Les origines et l’histoire du bourg
Le bourg de Lafrançaise a une longue histoire de plus de sept siècles, qui commence par un Acte de donation (1274) de terres concédées au roi Philippe le Hardi par la famille de Saint-Geniez pour y fonder une bastide, sur l'ancienne paroisse de Saint-Pierre de Bénas. La nouvelle communauté que l’on désigne dès l’origine comme « Villa Francese » reçoit en 1275 une charte de coutumes.
Le nom choisi marque l'appartenance de la bastide au royaume de France après le rattachement du Comté de Toulouse au domaine royal, mais aussi dans le contexte des rivalités franco-anglaises qui font de cette région une zone frontière entre pays toulousain français et Gascogne et Guyenne anglaises. La nouvelle bastide, comme toutes les fondations similaires du XIIIe siècle, période d’apogée démographique et économique du Moyen âge, doit permettre de peupler une nouvelle zone, d’y développer l’activité commerciale (grâce à ses marchés et ses foires dont la tenue est fixée par la charte), et peut-être aussi d’en assurer la défense conjointement au château des Mothes sur le coteau qui lui fait face. Elle se situe en effet en surplomb d’une zone de passage sur la rive droite du Tarn, au pied du coteau et sur les bords de la zone marécageuse de la Nauze.

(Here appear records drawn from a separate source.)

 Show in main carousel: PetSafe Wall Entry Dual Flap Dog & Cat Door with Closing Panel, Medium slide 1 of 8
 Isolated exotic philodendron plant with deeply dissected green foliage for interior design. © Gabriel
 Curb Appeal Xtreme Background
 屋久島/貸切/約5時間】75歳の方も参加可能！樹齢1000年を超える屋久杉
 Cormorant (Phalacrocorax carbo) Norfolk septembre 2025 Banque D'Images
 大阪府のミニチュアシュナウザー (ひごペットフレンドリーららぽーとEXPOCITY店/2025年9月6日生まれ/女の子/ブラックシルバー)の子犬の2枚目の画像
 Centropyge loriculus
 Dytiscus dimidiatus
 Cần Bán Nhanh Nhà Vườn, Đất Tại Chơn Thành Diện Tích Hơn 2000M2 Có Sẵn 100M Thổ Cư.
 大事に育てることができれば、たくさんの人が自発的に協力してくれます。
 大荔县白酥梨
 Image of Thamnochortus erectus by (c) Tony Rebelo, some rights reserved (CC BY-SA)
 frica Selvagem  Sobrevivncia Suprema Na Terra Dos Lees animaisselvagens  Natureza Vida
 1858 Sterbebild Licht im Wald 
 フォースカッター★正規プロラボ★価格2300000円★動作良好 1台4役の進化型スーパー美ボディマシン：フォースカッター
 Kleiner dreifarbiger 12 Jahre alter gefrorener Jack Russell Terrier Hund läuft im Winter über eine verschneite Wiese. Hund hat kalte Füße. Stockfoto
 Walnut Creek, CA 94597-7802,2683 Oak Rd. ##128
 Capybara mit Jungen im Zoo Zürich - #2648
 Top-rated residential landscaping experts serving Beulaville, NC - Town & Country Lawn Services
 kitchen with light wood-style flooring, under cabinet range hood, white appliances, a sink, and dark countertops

Mais pour qui se promène dans ses rues, cette longue histoire ne se découvre pas immédiatement. Ici, pas de vieille église romane ou gothique, pas de maisons à pans de bois. Le temps a fait son œuvre, et les guerres aussi sans doute, puisque la bastide en a connu les vicissitudes, occupée par les Anglais durant la guerre de Cent Ans, mise à sac par les protestants de Montauban durant les guerres de Religion.
De cette vieille bastide ne demeurent donc dans le bourg actuel que quelques indices. Le premier est lié à l’organisation et au tracé de rues caractéristiques des villes neuves du Moyen âge, bien que contraint ici par la topographie. Lafrançaise s’est développée autour des deux voies principales (aujourd’hui rue Louis Pernon et rue Mary-Lafon) entrecoupées d’une ruelle secondaire en angle droit (actuelle rue Traversière). Ces deux rues partaient de la place commune située à l’extrémité sud de la bastide (aujourd’hui la place de la République) et de la porte du Tarn, pour rejoindre une extrémité nord située au niveau de l’actuelle place de la Promenade. La ville était enceinte de murailles et de fossés ; c’est d’ailleurs sur les anciens fossés de Lafrançaise que fut construite au XIXe siècle la rue Léon Cladel. Dès le XVIe siècle, un faubourg dit « du Moulin à vent » ou du Ginest prolongeait l’habitat au nord, autour de la route menant à Bénas, à Francou, à Lauzerte.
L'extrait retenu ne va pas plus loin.